Ansonsten gibt es noch die Ace Combat Reihe, weiß aber nicht, wie gut die auf PC ist, die kommt von Konsole, ist also sehr actionlastig.  
Flying Tigers: Shadows over China wäre vielleicht auch noch einen Blick wert. Das ist auch eher actionlastig aber halt alte Kisten.


----------



## Herbboy (7. Februar 2017)

Ich frage mich aber echt, was das mit dem Internet soll. Du brauchst doch auch mal Updates für Windows, neuere Treiber usw., und wenn du nur Updates machst und vlt. so was wie Steam nutzt: was soll da denn bitte passieren? Irgendwelche Viren können nur dann auf den PC, wenn du eine Website besuchst, die entsprechende Skripte hast, oder wenn du unbedarft Dateien oder email-Anhänge runterlädst, die Viren/Trojaner enthalten, und selbst letzteres würde dann noch durch einen Virenscanner verhindert werden, außer du überstimmst die Warnung des Scanners wider besserem Wissen.


----------



## Purpler (7. Februar 2017)

Dass ein PC, der kein Internet hat, weniger bzw. garnicht anfällig ist, im Vergleich zum Inet-pc, brauchen wir hoffentlich nicht zu diskutieren. Virenprogramm hin oder her. 
Wenn ein wichtiges Update ansteht, wird es mitn Laptop gelade, gescannt und rübertransferiert. 

Zwecks Spiel wird es der 1. Hawks Teil werden, da der 2. Teil ang. Inet benötigt.
Danke für alle Antworten!


----------



## McDrake (7. Februar 2017)

Purpler schrieb:


> Dass ein PC, der kein Internet hat, weniger bzw. garnicht anfällig ist, im Vergleich zum Inet-pc, brauchen wir hoffentlich nicht zu diskutieren. Virenprogramm hin oder her.
> Wenn ein wichtiges Update ansteht, wird es mitn Laptop gelade, gescannt und rübertransferiert.
> 
> Zwecks Spiel wird es der 1. Hawks Teil werden, da der 2. Teil ang. Inet benötigt.
> Danke für alle Antworten!



Was hast Du denn auf Deinem Spielerechner?
Hatte letztens mit meinem Bruder auch darüber diskutiert, WAS denn überhaupt so wichtig sein könnte, dass genau der eigene Rechner ins Visier eines kriminellen kommen könnte.
Da ist die Wahrscheinlichkeit von einem Meteoriten getroffen zu werden wahrscheinlich grösser.
Und was könnte man den schon holen vom Spielerechner?
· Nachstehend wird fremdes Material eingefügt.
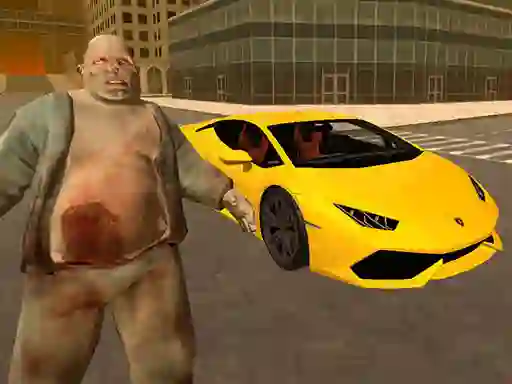Supercars Zombie Driving – kostenloses Online-Spiel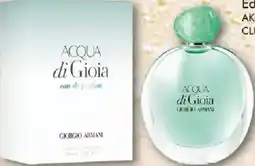 Travel FREE Giorgio Armani Acqua di Gioia Angebot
Wenn Du nur über STEAM & Co Games holst und aktivierst, bist Du wahrscheinlich mindestens so auf der sicheren Seite, wie wenn Du ein Spiel am DVD installierst.

Evtl solltest Du dir überlegen umgekehrt vorzugehen:
Spielerechner darf ans Netz (wie anscheinend Dein Laptop) und deine sensiblen (?) Daten auf dem Laptop sichern.

Ok, ist ab vom Thema Flugsims.

Aber Du wirst wohl in Zukunft dann recht wenig zu spielen haben.


----------



## Spiritogre (7. Februar 2017)

Purpler schrieb:


> Dass ein PC, der kein Internet hat, weniger bzw. garnicht anfällig ist, im Vergleich zum Inet-pc, brauchen wir hoffentlich nicht zu diskutieren. Virenprogramm hin oder her.
> Wenn ein wichtiges Update ansteht, wird es mitn Laptop gelade, gescannt und rübertransferiert.
> 
> Zwecks Spiel wird es der 1. Hawks Teil werden, da der 2. Teil ang. Inet benötigt.
> Danke für alle Antworten!



CDs / DVDs, auch Originale, sowie die USB Sticks von Kollegen können auch Viren enthalten. Einzig sicher ist nur ein Rechner, auf dem keine Dateien von Außerhalb ergänzt werden. 

Ansonsten fangen sich die meisten Leute tatsächlich die Viren zu 99 Prozent über E-Mail ein, der Rest kommt von Webseiten, oft über die Adserver, die die Werbebanner verteilen. 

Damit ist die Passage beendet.